I personally think multiple visits over time will probably be more productive than one long visit (such as a weekend campout). Also, repeat visits to the area are necessary to notice and identify any recent changes in the vicinity-- such as large branches being moved, possible nest building, fresh tree breaks or other physical evidence. Try different access points and different times of the day.

If you aren't finding or observing anything suspicious after several visits, move on to another potential "hot spot." Over time, you will develop a handful of locations within reasonable range of where you live that you are monitoring on a regular basis.

Someday and somewhere somebody with a working knowledge of what to be observing in the field is going to be rewarded with a sighting or encounter. Hopefully, you'll have the audio, video or photographic equipment-- and luck-- to document it. If I had to choose between skill and luck-- I'd rather be lucky any day.

Please don't think I'm making this all sound easy, but I do hope to encourage more people to get out in the field and be alert. Not all BF enthusiasts are living in "prime" BF territory like the Pacific Northwest-- but don't overlook the credible reports coming from potential habitat areas in the eastern United States from Texas to West Virginia to Wisconsin and many points in between.
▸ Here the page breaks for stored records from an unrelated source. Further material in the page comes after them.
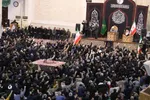 مراسم سوگواری شب شهادت رهبر معظم انقلاب در حرم شاهچراغ(ع)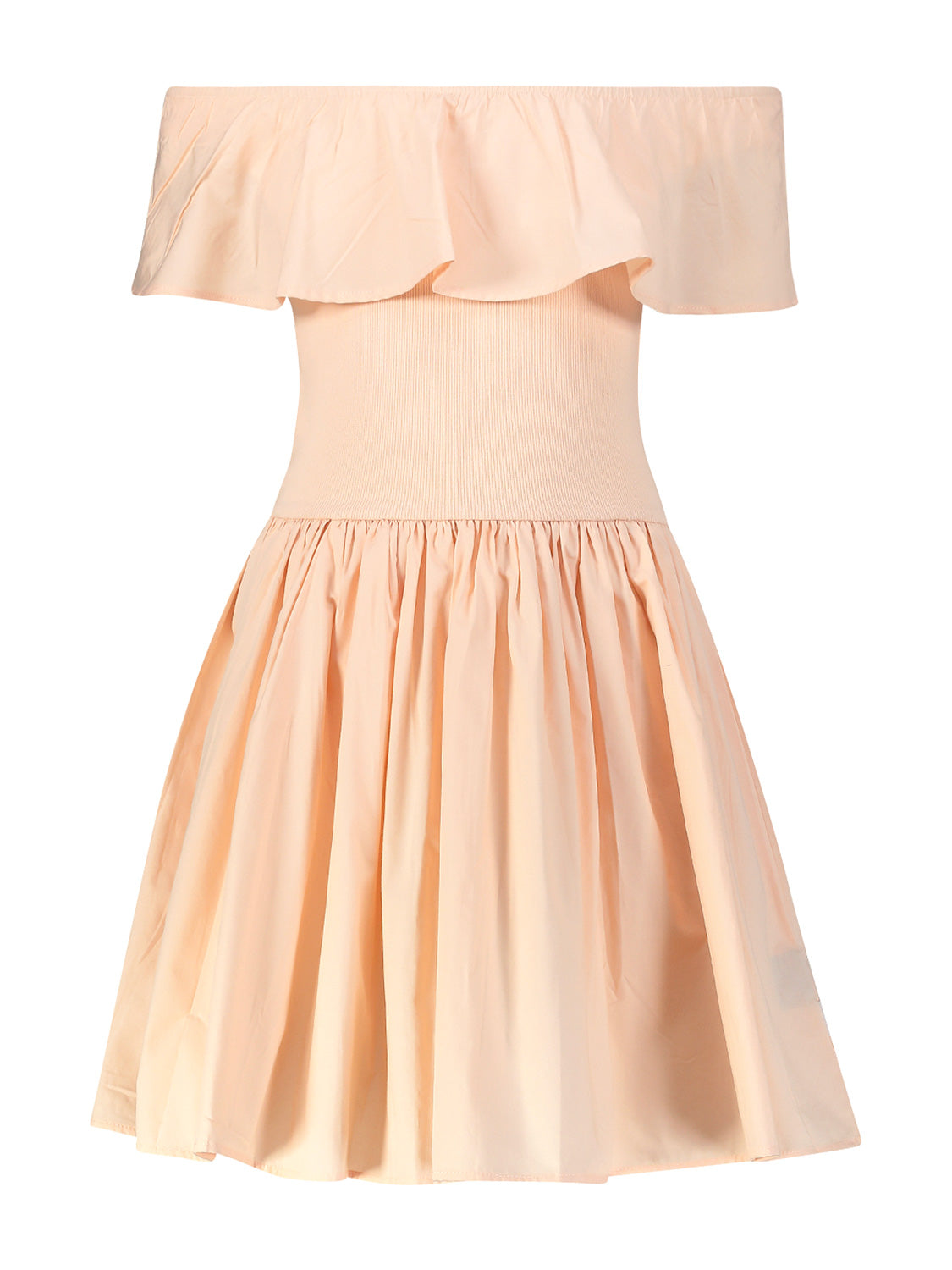 Molo Kids dress Christal Apricot in Apricot 6901919737-6.jpg | NICKIS.com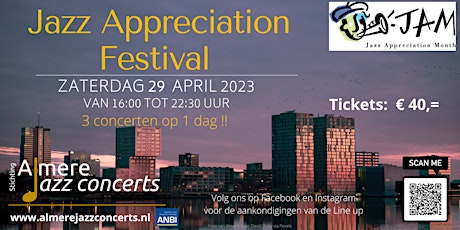 Jazz Appreciation Month Festival 29 April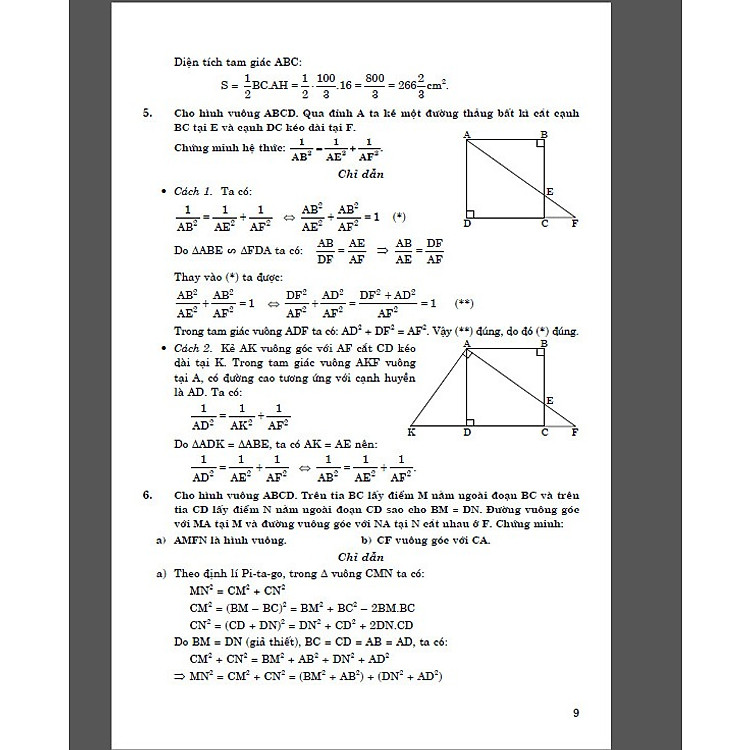 Tổng hợp các bài toán phổ dụng hình học 9 - Ảnh 5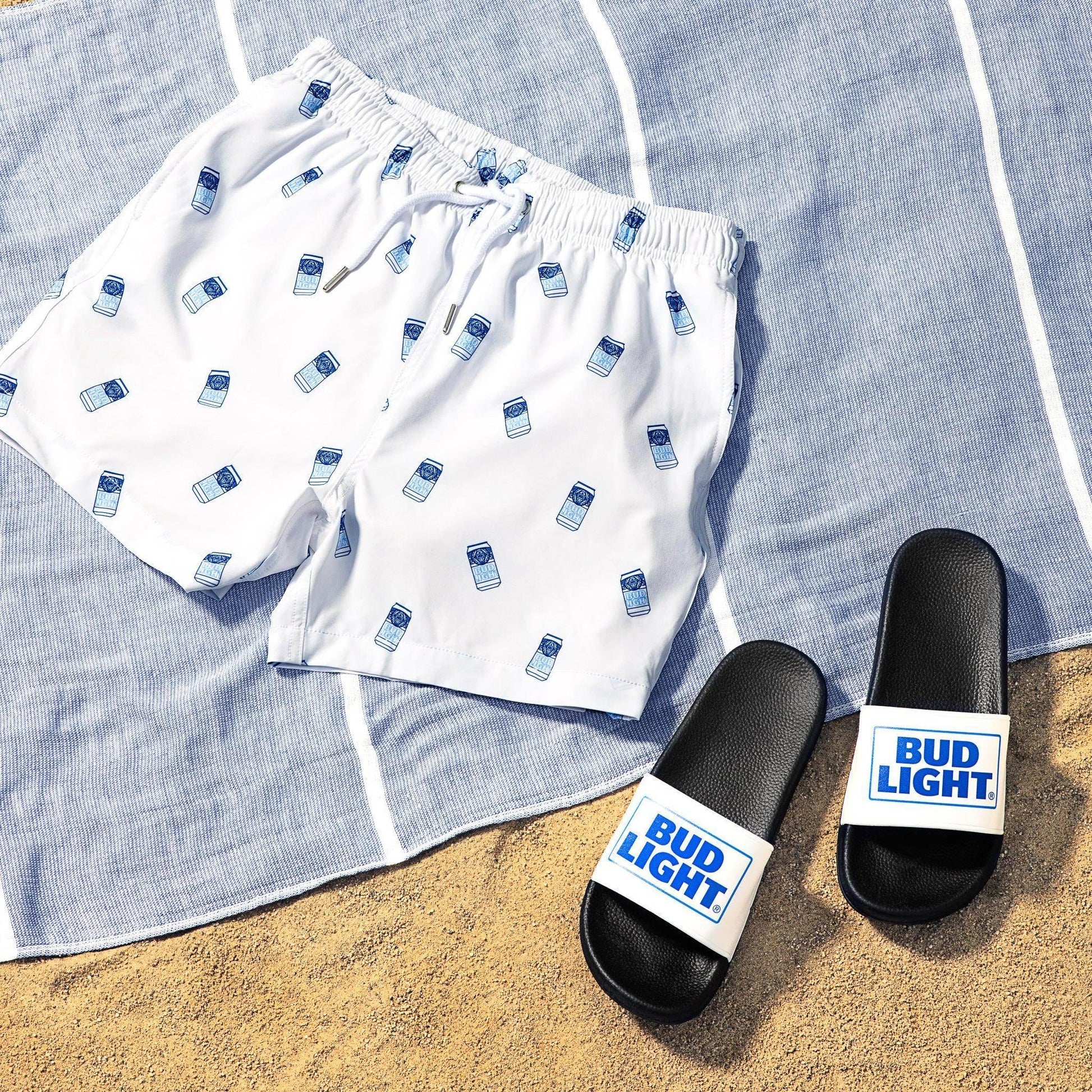 bud light mens slides
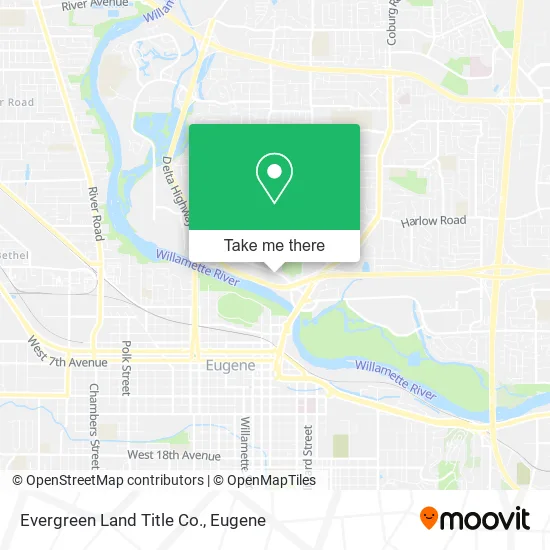 Evergreen Land Title Co. map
To some extent, those of us residing near geographically smaller habitat areas may have the advantage because we can focus our attention in the field to pockets of land measured in dozens of square miles rather than the hundreds of thousands of square miles of wilderness in so-called "prime" territory.

For example, Midwest states like Iowa, Illinois, Indiana or Ohio may indeed be as much as 90% agricultural or urban landscapes-- this only helps limit our investigation efforts to the remaining 10% of forests and waterways. For someone with a working knowledge of the behaviors and physical evidence thought to be indicative of these animals, the odds of tracking them has to be better in a more confined area.